Jennifer Lopez recorded an album to film a music-video-movie-thing (more on this later) to make a documentary. The most generous read of “This Is Me…Now,” her sequel to 2002’s “This Is Me…Then,” is that she felt like talking in The Greatest Love Story Never Told, a documentary now streaming on Amazon Prime. The doc is 90 minutes of J.Lo speaking candidly and emotionally about the gargantuan effort it takes to, at every single moment, choose to be J.Lo. Lopez is not exceptional at singing or dancing or acting, but she is very exceptional at being Jennifer Lopez, and that is a separate, unique talent.
This is her third such documentary in ten years. They all kind of have the same thesis: J.Lo is always the underdog or the striver, permanently the also-ran. HBO cameras followed her around for Dance Again, released in 2014, as she embarked on a world tour, made a comeback judging on American Idol, and navigated her divorce from Marc Anthony. In Halftime, released in 2022, Netflix cameras trailed her as she prepared to co-headline the Super Bowl Halftime Show with Shakira and when she tried, and failed, to secure awards attention for Hustlers. (And also maybe I was in it.) In The Greatest Love Story Never Told, Lopez lets the cameras into her home, her rehearsals, and her relationship with Ben Affleck. (A-Rod was conspicuously not in Halftime, released after they broke up, but he’s never seen a camera he won’t put on a show for. Affleck guides The Greatest Love Story Never Told as a gently reassuring, but also gently grounding, talk-to.) This doc retreats much of the same territory as the last two. It reveals J.Lo’s trauma — a healthy (low-alcoholic) cocktail of talent insecurity, middle child syndrome, and the American marriage industrial complex — so similarly that you might start to track each project’s consistencies. The Greatest Love Story Never Told doesn’t really tread any new emotional ground, except the glee-inducing revelation that she calls Ben Affleck “Papi,” and she luhs him. (By the end you will, too.)
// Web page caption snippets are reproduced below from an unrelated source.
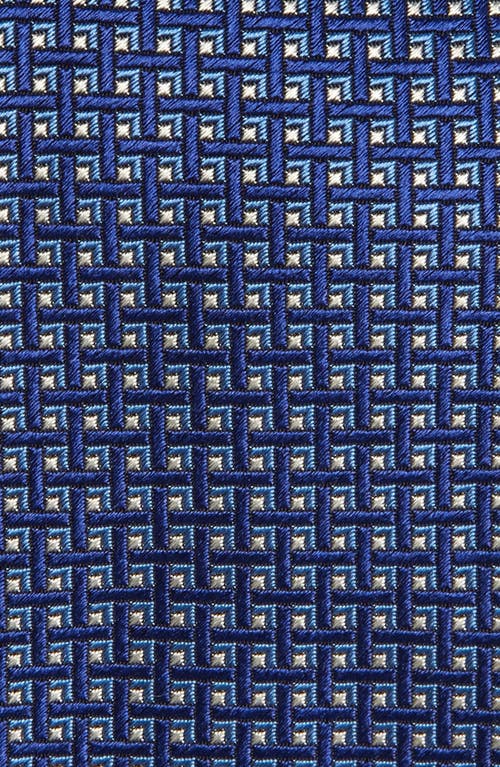 DAVID DONAHUE DAVID DONAHUE GEOMETRIC PATTERN SILK TIE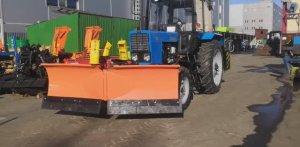 Мтз 82.1 с отвалом бабочка НТУ-10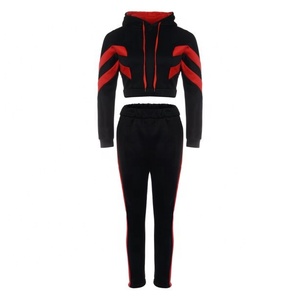 Conjunto de Sudadera con Capucha y Pantalones Deportivos para Mujer, de Algodón Grueso Premium, Lavado Ácido, con Logotipo Personalizado, Ropa Deportiva Informal de Invierno para Fitness - Product Image 6
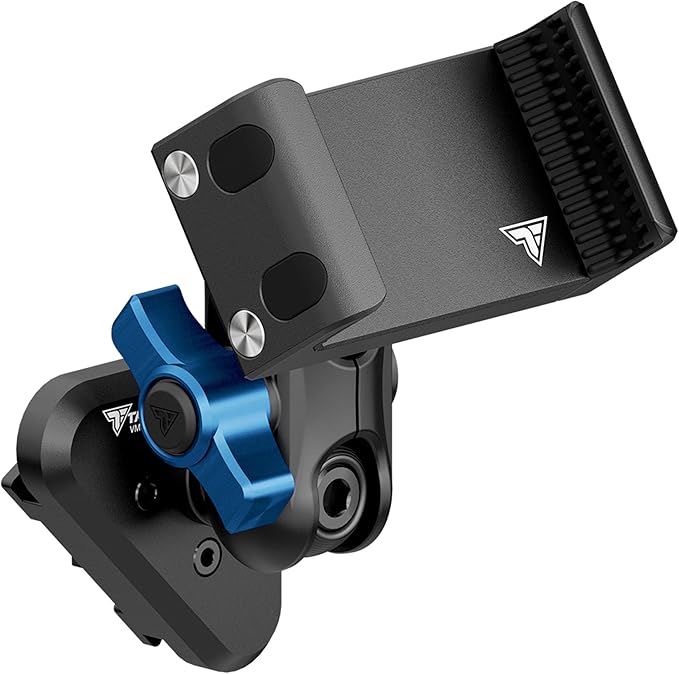 Tackform Link Vent Phone Mount Compatible with 2015-2020 Ford F-150, 2017-2021 Super Duty, 2018-2021 Expedition | Aluminum | Universal Holder Compatible with iPhone, Galaxy, More | Blue Knob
“This Time Around” and the title track are the clear standouts on an largely unremarkable 13-song album. Where do I even begin with the music video-mini feature film? If I told you what happens in This Is Me … Now I’m not sure you’d believe me. Jennifer Lopez puts in hours at the heart factory, which powers her heart through rose petals being loaded into a furnace, of course. Ben Affleck is a kind of Sean Hannity-ATN News-y pundit narrating various current events, obviousy. Keke Palmer does an impression of Maya Angelou, naturally. J.Lo returns to the Bronx to meet — and heal — her younger self-slash-inner child, duh. The songs are sequenced into a narrative of a love-addict suffering withdrawls before she decides to be happy on her own, and gets rewarded with the bottom third of Ben Affleck’s face as a result.